13. On perusal of the evidence of the PW.1, the complainant who himself examined as PW.1 even in the chief examination the complainant stated that the accused gave cheque dated 31.01.2002 as per Ex.P1. The cheque was dishonored with an endorsement of the account closed as per Exs.P2 and 3 and he has got issued the notice as per Ex.P4 and it was returned and claimed, he has marked Ex.P5 unserved, post envelope Exs.P6 and 7 postal receipts for having sent notice by the registered post and under certificate of posting. In the examination-in-chief, he has stated that he has supplied 85 bags of parchment coffee seeds containing 50 kg in each bag and discharging the said amount, the accused got issued the cheque. In the cross- examination the accused denied the transaction in respect of parchment coffee seeds of 85 bags said to be supplied by the accused and also denied the signature and handwriting in the cheque. The accused also taken the contention that there is material alteration in the year of the cheque from 1998 to 2002, the same was denied. However, PW.1 admitted that there is no initial of the accused below the said date. The accused also taken the contention that the complainant somehow got the cheque and presented to the bank. It is also contended that the accused in the cross-examination that the account of the accused has been closed in the year 1998 itself. On perusal of the evidence, the accused has not entered into the witness box for leading any evidence on his behalf.
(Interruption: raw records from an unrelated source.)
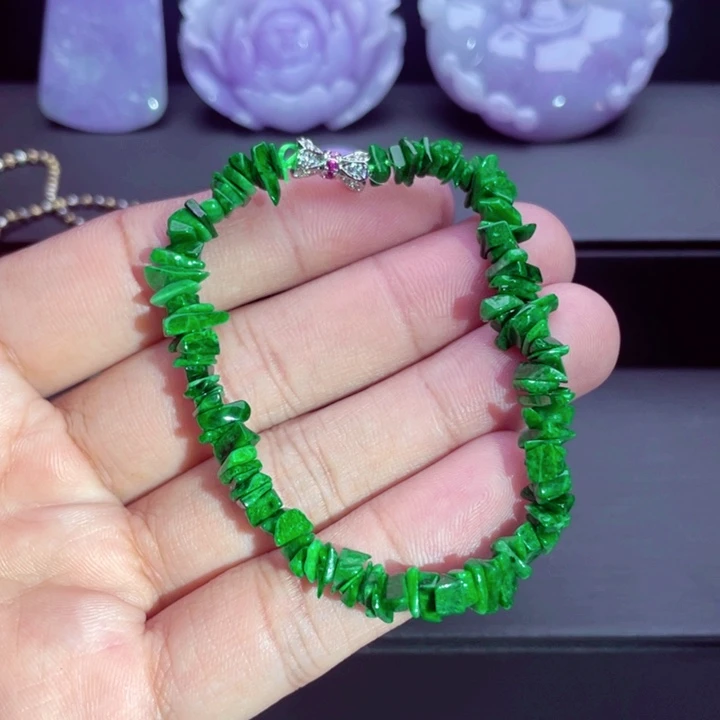 翡翠未镶嵌手串手串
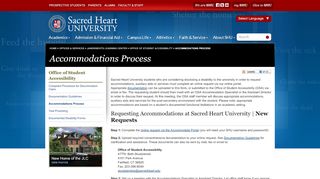 
                            10. Accommodations Process | Sacred Heart University Connecticut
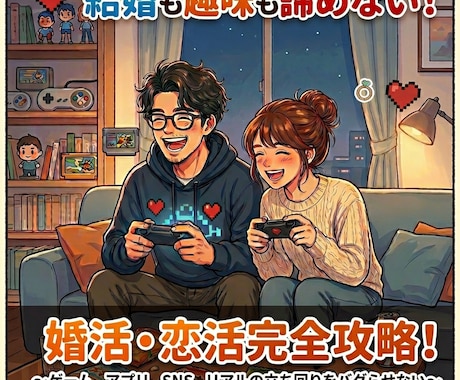 30代からのオタク婚活・恋活相談のります 恋愛も趣味も全てを諦めない！婚活・恋活完全攻略！ イメージ1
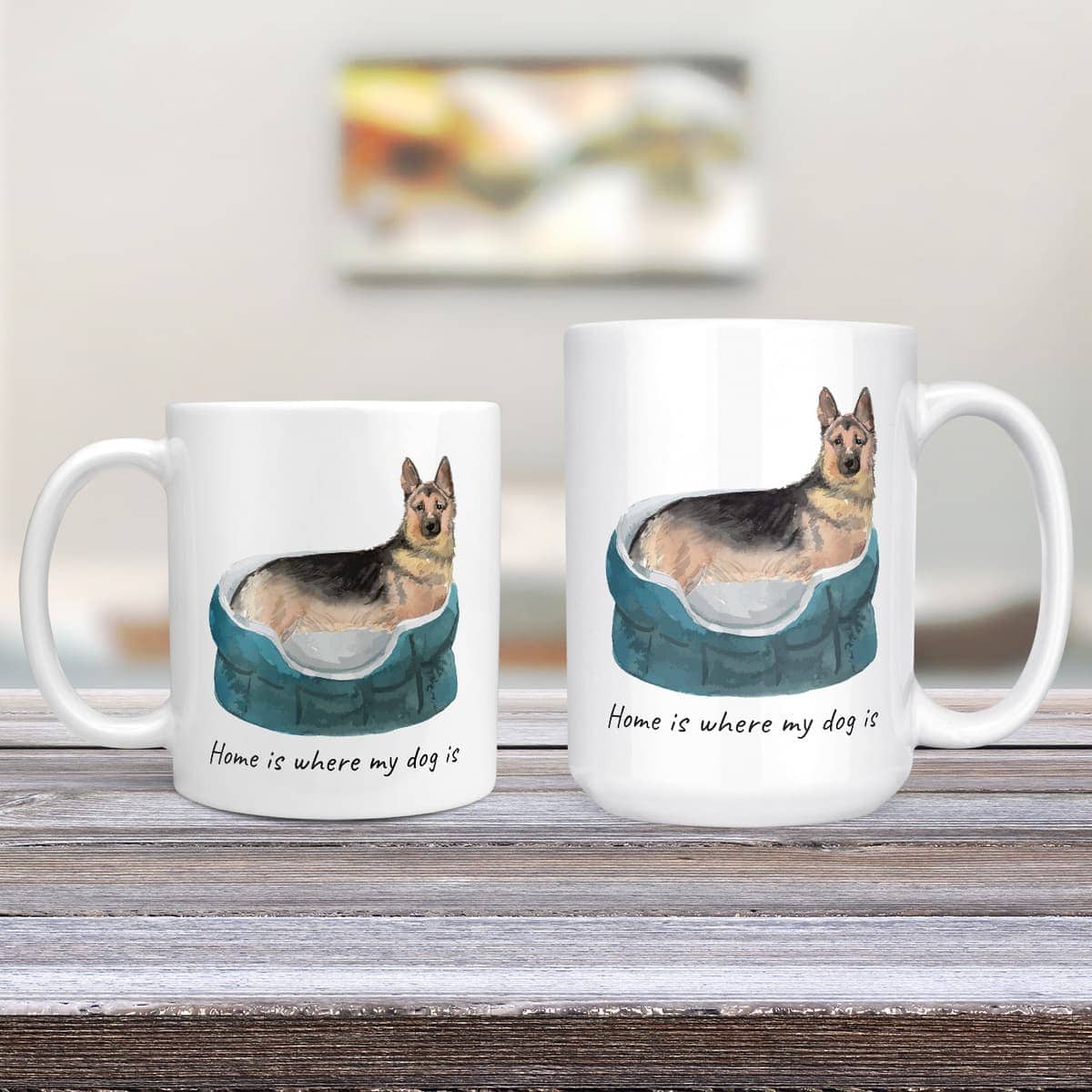Home is where my dog is German Shepherd dog mug (Illustrated collection) 5 Home is where my dog is German Shepherd dog mug (Illustrated collection) - Image 3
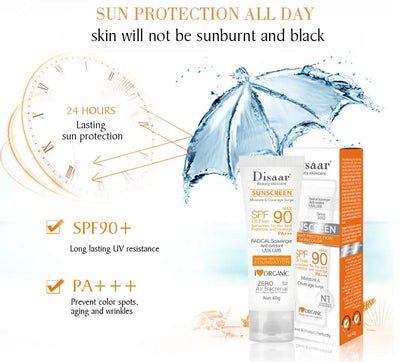 Facial Body Sunscreen Whitening Sun Cream Sunblock Skin Protective Cream Anti Sun Facial Protection Cream SPF 50/SPF 90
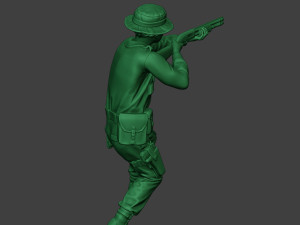 modern jungle soldier shoot stand3 mjs1 Model do druku 3D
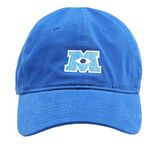 Concept One Disney Pixar Monsters Inc Embroidered Cotton Adjustable Baseball Hat with Curved Brim, Blue, Large, Blue, One Size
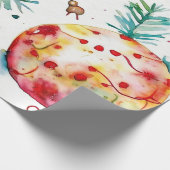 Zilveren kerstbal Chic Cadeaupapier (Hoek)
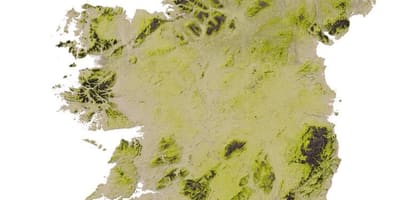 Geografi peta ireland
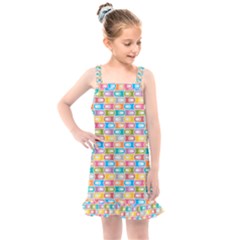 Seamless Pattern Background Abstract Kids  Overall Dress by Pakrebo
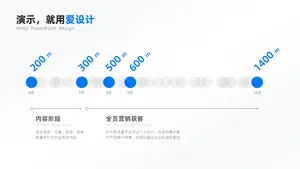 递进关系4项PPT内容页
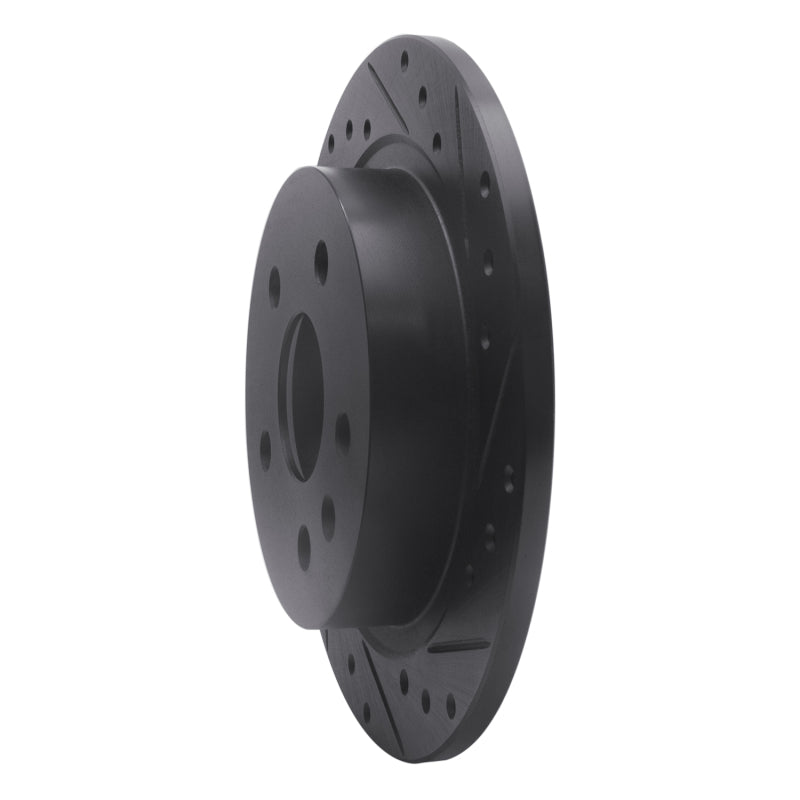 R1 Concepts R1 11-16 Buick LaCrosse Rear Right Drilled & Slotted Black Brake Rotor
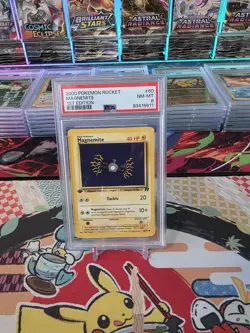 2000 POKEMON ROCKET #60 MAGNEMITE 1ST EDITION NM-MT PSA 8 - Image 3
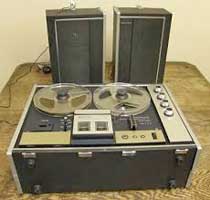 Sanyo tape recorder photo in the Reel2ReelTexas/MOMSR/Theophilus vintage reel to reel tape recorder collection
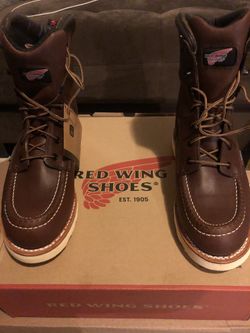 SIZE 7. RDE WING 8 INCHES TALL WATERPROOF BRAND NEW IN THE STORE YOU PAY 235
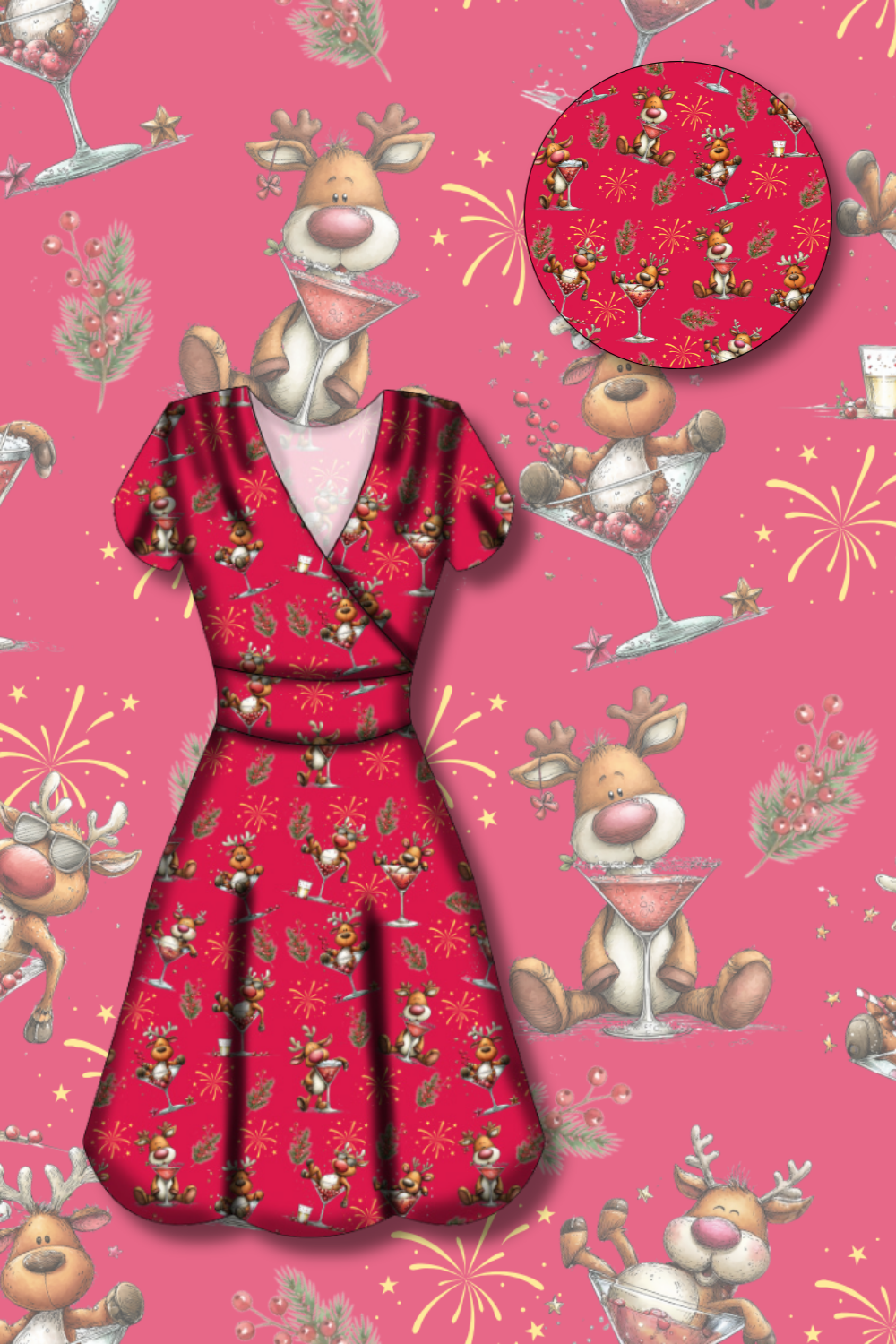PREORDER - Maeve Swing Dress - Rudolph After Hours - Estimated dispatch date 29th of October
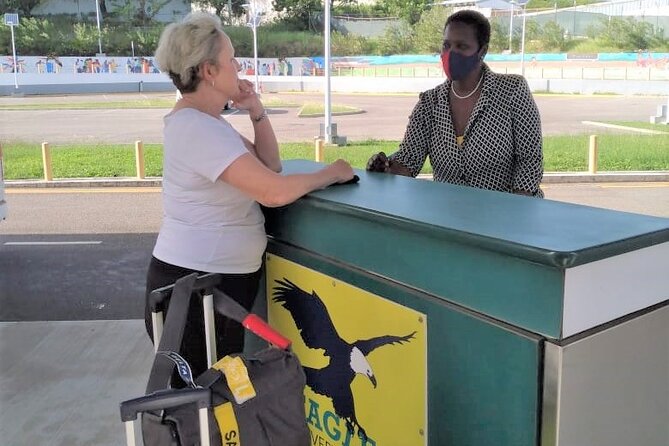 Round-Trip Transfer between Antigua Airport and Antigua Hotels - A calm start at V.C. Bird International Airport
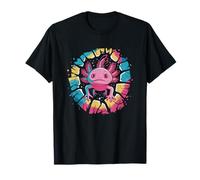 Graffiti Wall Art Ajolote Salamandra Ajolotes Camiseta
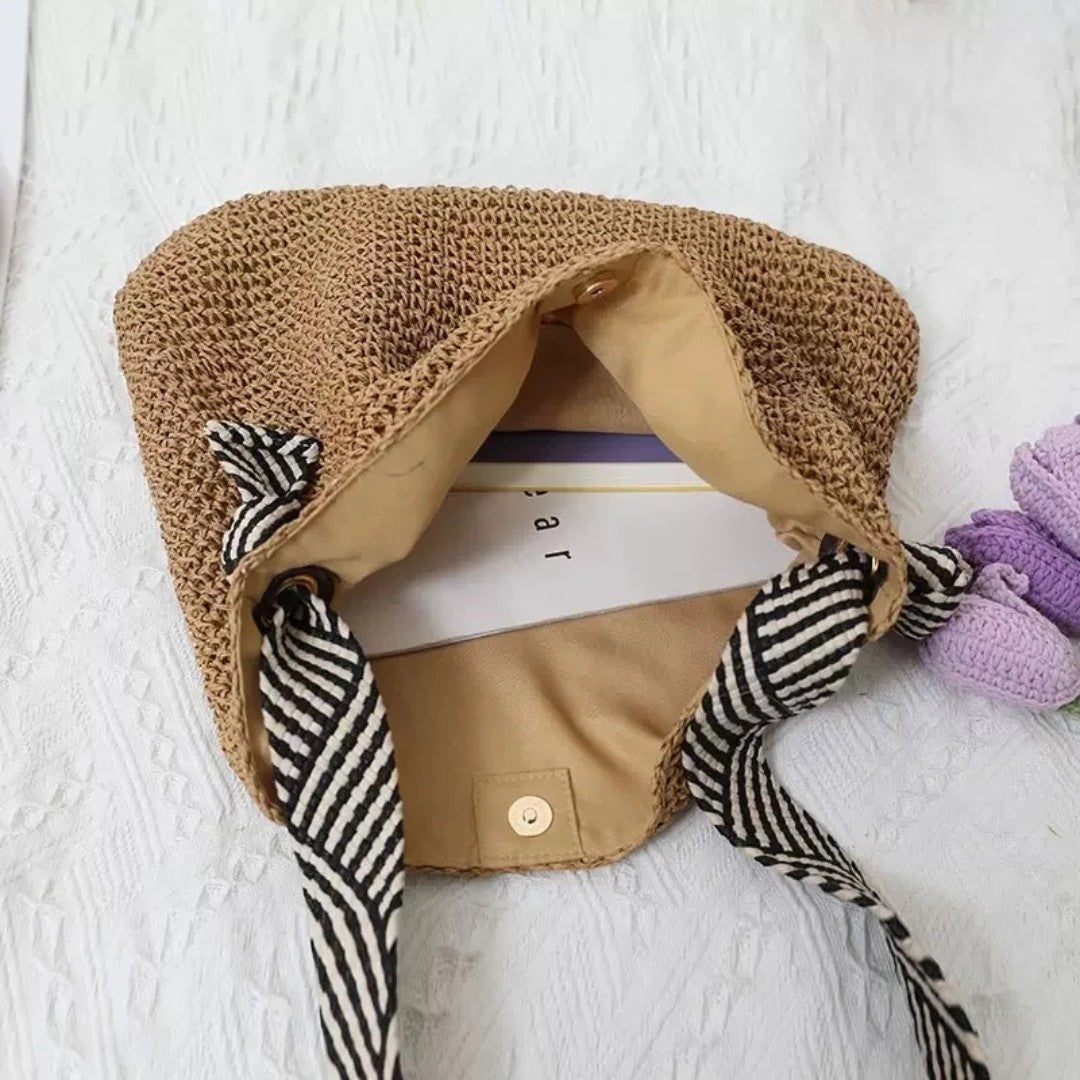 SaintGarnier™ | Solara Woven Tote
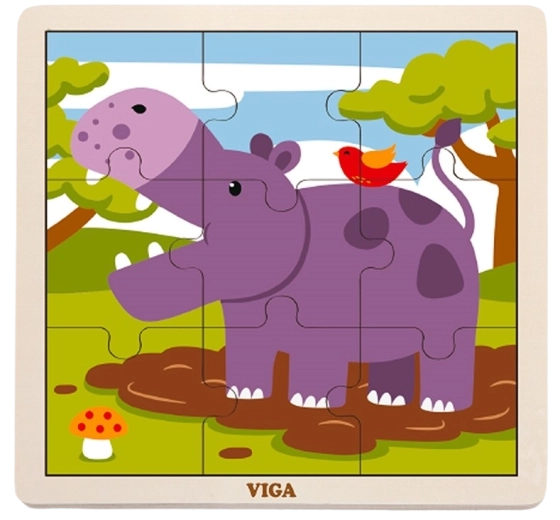 Babu wooden hippo puzzle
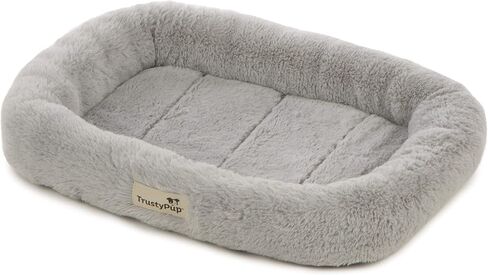 Quilted Crate Bolstered Mat Dog Bed, Ideal for Crates - Gray, Large in Saudi Arabia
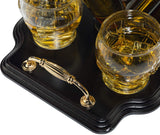 (CANADA ONLY) Ice Hockey Whiskey Decanter Set With 4 Helmet Whiskey Glasses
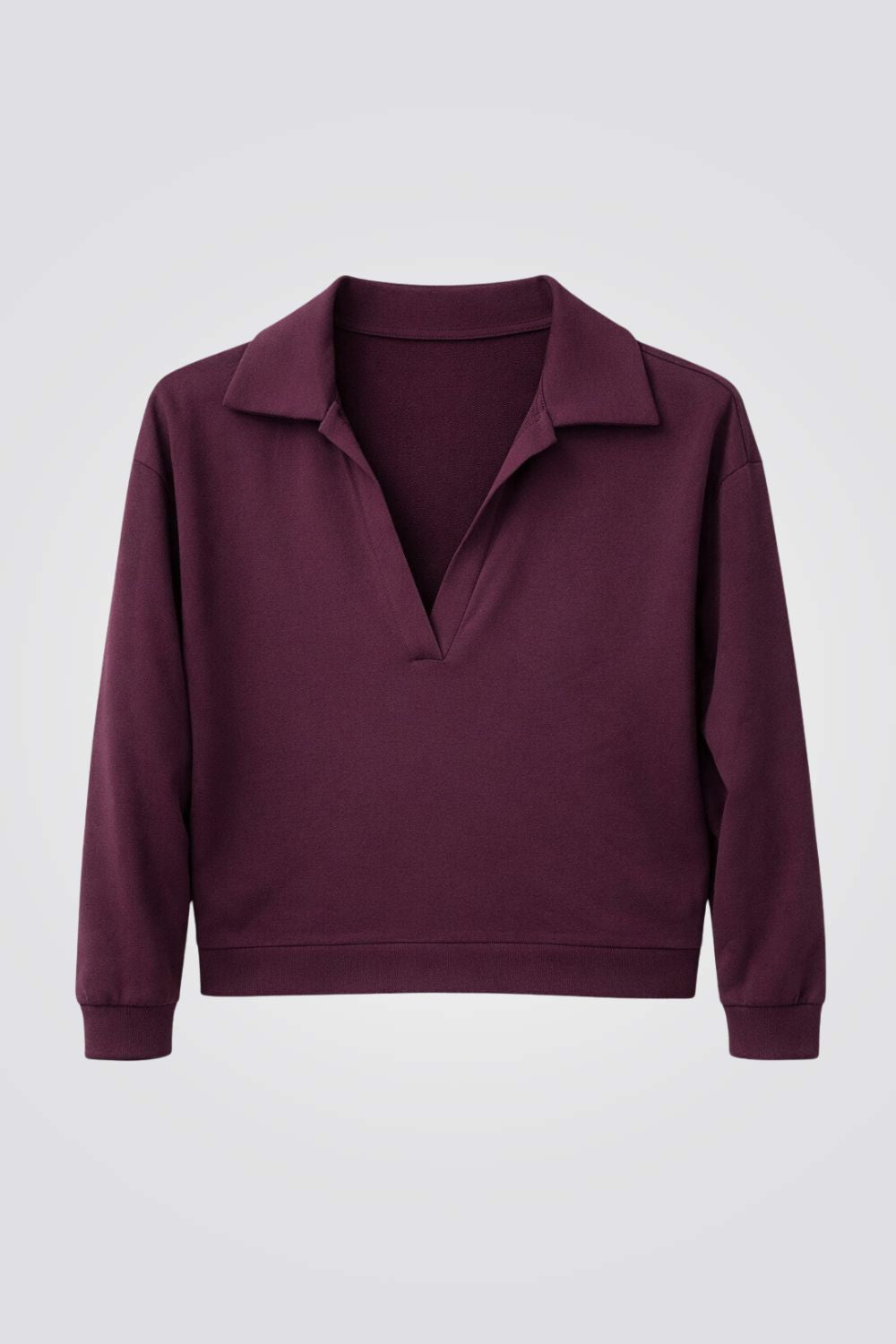 חולצת פולו וי ארוכה | דלתא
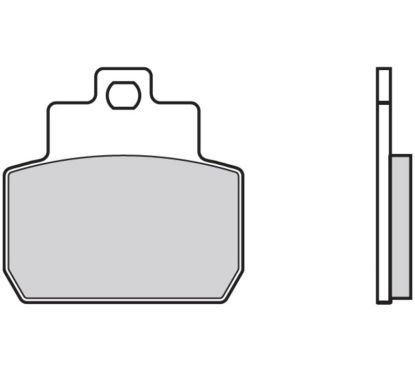 Plaquettes de frein BREMBO Scooter carbone céramique - 07061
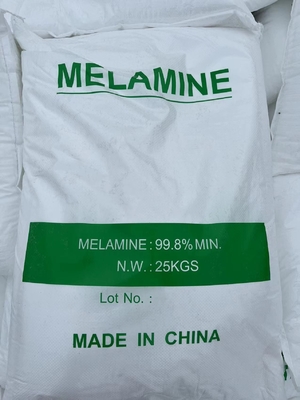 ราคาดี 25 กก. 99.8% ผงเมลามีนบริสุทธิ์สำหรับทำไม้อัด MMC Glazing Powder ออนไลน์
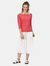 Womens/Ladies Polexia Stripe T-Shirt - True Red/White - True Red/White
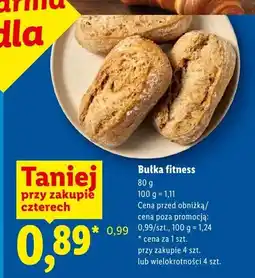 Lidl Bułka fitness Piekarnia Lidla oferta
14. Learned counsel for the respondent-accused contended that the complainant failed to prove the case by discharging his primary duty to prove the legal liable debt from the accused. Hence, the question of leading the evidence of defence does not arise.
15. On the background of the contentions and on perusal of the first contention taken by the accused in respect of the transaction is said to be held between the accused and the complainant. Though the complainant stated in his evidence that the he has supplied 85 bags of parchment coffee seeds for the value of Rs.1,63,000/- on credit basis and the accused gave the cheque to discharge the debt in favour of complainant, but the accused denied the same on the ground that no document produced in respect of transactions and supply of 85 bags of parchment coffee seeds by marking any documents before the Court.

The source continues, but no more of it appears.